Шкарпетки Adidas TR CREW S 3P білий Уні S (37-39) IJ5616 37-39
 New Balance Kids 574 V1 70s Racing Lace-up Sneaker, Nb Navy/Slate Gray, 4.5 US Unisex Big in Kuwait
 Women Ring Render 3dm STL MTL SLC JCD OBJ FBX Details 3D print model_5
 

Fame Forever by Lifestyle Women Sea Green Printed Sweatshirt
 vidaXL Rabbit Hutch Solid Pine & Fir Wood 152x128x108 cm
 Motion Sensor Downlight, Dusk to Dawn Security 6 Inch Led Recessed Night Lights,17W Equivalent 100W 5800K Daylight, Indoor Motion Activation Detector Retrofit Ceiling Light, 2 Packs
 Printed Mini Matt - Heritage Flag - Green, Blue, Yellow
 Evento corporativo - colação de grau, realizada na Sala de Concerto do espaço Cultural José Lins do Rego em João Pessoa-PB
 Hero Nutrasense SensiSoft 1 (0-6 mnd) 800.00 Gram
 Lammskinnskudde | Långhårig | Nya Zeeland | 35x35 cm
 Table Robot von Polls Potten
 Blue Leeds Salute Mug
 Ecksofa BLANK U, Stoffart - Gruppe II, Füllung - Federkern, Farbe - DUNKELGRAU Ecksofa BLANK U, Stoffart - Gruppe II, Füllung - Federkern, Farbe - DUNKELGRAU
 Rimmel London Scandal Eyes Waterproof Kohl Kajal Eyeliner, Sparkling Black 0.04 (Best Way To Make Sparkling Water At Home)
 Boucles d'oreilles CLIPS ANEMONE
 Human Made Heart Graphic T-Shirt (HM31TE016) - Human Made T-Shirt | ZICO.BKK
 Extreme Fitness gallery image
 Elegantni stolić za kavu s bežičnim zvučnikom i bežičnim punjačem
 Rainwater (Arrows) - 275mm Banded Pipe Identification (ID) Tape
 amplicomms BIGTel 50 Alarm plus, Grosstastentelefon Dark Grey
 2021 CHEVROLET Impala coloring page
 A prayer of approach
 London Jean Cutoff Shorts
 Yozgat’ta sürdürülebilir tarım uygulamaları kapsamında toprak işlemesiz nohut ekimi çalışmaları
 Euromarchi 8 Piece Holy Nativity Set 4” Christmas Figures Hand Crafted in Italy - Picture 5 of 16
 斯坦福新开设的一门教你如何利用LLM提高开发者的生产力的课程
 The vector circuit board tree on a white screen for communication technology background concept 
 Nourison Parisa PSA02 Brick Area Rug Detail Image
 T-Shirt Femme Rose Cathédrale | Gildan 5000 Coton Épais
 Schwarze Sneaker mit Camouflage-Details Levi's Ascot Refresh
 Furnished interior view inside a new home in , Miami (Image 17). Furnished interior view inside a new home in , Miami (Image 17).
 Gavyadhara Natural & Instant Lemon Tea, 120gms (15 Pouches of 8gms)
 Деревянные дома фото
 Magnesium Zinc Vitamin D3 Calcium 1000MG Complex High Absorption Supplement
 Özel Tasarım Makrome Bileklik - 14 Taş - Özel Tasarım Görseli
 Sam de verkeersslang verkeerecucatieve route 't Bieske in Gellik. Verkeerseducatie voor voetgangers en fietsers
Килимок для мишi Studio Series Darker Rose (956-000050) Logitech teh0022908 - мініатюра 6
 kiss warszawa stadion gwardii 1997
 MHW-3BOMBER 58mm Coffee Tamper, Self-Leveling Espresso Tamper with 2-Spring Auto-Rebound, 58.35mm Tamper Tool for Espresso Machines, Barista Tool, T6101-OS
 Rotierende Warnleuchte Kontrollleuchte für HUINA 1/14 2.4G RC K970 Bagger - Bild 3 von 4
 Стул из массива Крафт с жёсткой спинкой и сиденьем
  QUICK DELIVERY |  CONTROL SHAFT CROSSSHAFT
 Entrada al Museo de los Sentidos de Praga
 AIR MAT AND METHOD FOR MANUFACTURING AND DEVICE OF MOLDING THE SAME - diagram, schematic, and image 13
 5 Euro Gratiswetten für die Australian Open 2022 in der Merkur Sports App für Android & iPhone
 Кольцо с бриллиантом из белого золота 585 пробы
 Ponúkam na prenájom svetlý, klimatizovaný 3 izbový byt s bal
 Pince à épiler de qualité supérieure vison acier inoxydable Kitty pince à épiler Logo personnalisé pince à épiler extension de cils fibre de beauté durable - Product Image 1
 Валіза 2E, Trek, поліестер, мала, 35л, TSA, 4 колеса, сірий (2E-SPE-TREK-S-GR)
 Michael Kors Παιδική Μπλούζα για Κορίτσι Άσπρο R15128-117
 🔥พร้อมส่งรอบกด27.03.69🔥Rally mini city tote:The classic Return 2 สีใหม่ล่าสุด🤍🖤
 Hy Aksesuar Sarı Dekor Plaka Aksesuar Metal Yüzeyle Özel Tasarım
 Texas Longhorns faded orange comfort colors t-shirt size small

* Work item *
Prepare a faithful transcription of the material above, with nothing altered.

* Reply *
Шкарпетки Adidas TR CREW S 3P білий Уні S (37-39) IJ5616 37-39
 New Balance Kids 574 V1 70s Racing Lace-up Sneaker, Nb Navy/Slate Gray, 4.5 US Unisex Big in Kuwait
 Women Ring Render 3dm STL MTL SLC JCD OBJ FBX Details 3D print model_5
 

Fame Forever by Lifestyle Women Sea Green Printed Sweatshirt
 vidaXL Rabbit Hutch Solid Pine & Fir Wood 152x128x108 cm
 Motion Sensor Downlight, Dusk to Dawn Security 6 Inch Led Recessed Night Lights,17W Equivalent 100W 5800K Daylight, Indoor Motion Activation Detector Retrofit Ceiling Light, 2 Packs
 Printed Mini Matt - Heritage Flag - Green, Blue, Yellow
 Evento corporativo - colação de grau, realizada na Sala de Concerto do espaço Cultural José Lins do Rego em João Pessoa-PB
 Hero Nutrasense SensiSoft 1 (0-6 mnd) 800.00 Gram
 Lammskinnskudde | Långhårig | Nya Zeeland | 35x35 cm
 Table Robot von Polls Potten
 Blue Leeds Salute Mug
 Ecksofa BLANK U, Stoffart - Gruppe II, Füllung - Federkern, Farbe - DUNKELGRAU Ecksofa BLANK U, Stoffart - Gruppe II, Füllung - Federkern, Farbe - DUNKELGRAU
 Rimmel London Scandal Eyes Waterproof Kohl Kajal Eyeliner, Sparkling Black 0.04 (Best Way To Make Sparkling Water At Home)
 Boucles d'oreilles CLIPS ANEMONE
 Human Made Heart Graphic T-Shirt (HM31TE016) - Human Made T-Shirt | ZICO.BKK
 Extreme Fitness gallery image
 Elegantni stolić za kavu s bežičnim zvučnikom i bežičnim punjačem
 Rainwater (Arrows) - 275mm Banded Pipe Identification (ID) Tape
 amplicomms BIGTel 50 Alarm plus, Grosstastentelefon Dark Grey
 2021 CHEVROLET Impala coloring page
 A prayer of approach
 London Jean Cutoff Shorts
 Yozgat’ta sürdürülebilir tarım uygulamaları kapsamında toprak işlemesiz nohut ekimi çalışmaları
 Euromarchi 8 Piece Holy Nativity Set 4” Christmas Figures Hand Crafted in Italy - Picture 5 of 16
 斯坦福新开设的一门教你如何利用LLM提高开发者的生产力的课程
 The vector circuit board tree on a white screen for communication technology background concept 
 Nourison Parisa PSA02 Brick Area Rug Detail Image
 T-Shirt Femme Rose Cathédrale | Gildan 5000 Coton Épais
 Schwarze Sneaker mit Camouflage-Details Levi's Ascot Refresh
 Furnished interior view inside a new home in , Miami (Image 17). Furnished interior view inside a new home in , Miami (Image 17).
 Gavyadhara Natural & Instant Lemon Tea, 120gms (15 Pouches of 8gms)
 Деревянные дома фото
 Magnesium Zinc Vitamin D3 Calcium 1000MG Complex High Absorption Supplement
 Özel Tasarım Makrome Bileklik - 14 Taş - Özel Tasarım Görseli
 Sam de verkeersslang verkeerecucatieve route 't Bieske in Gellik. Verkeerseducatie voor voetgangers en fietsers
Килимок для мишi Studio Series Darker Rose (956-000050) Logitech teh0022908 - мініатюра 6
 kiss warszawa stadion gwardii 1997
 MHW-3BOMBER 58mm Coffee Tamper, Self-Leveling Espresso Tamper with 2-Spring Auto-Rebound, 58.35mm Tamper Tool for Espresso Machines, Barista Tool, T6101-OS
 Rotierende Warnleuchte Kontrollleuchte für HUINA 1/14 2.4G RC K970 Bagger - Bild 3 von 4
 Стул из массива Крафт с жёсткой спинкой и сиденьем
  QUICK DELIVERY |  CONTROL SHAFT CROSSSHAFT
 Entrada al Museo de los Sentidos de Praga
 AIR MAT AND METHOD FOR MANUFACTURING AND DEVICE OF MOLDING THE SAME - diagram, schematic, and image 13
 5 Euro Gratiswetten für die Australian Open 2022 in der Merkur Sports App für Android & iPhone
 Кольцо с бриллиантом из белого золота 585 пробы
 Ponúkam na prenájom svetlý, klimatizovaný 3 izbový byt s bal
 Pince à épiler de qualité supérieure vison acier inoxydable Kitty pince à épiler Logo personnalisé pince à épiler extension de cils fibre de beauté durable - Product Image 1
 Валіза 2E, Trek, поліестер, мала, 35л, TSA, 4 колеса, сірий (2E-SPE-TREK-S-GR)
 Michael Kors Παιδική Μπλούζα για Κορίτσι Άσπρο R15128-117
 🔥พร้อมส่งรอบกด27.03.69🔥Rally mini city tote:The classic Return 2 สีใหม่ล่าสุด🤍🖤
 Hy Aksesuar Sarı Dekor Plaka Aksesuar Metal Yüzeyle Özel Tasarım
 Texas Longhorns faded orange comfort colors t-shirt size small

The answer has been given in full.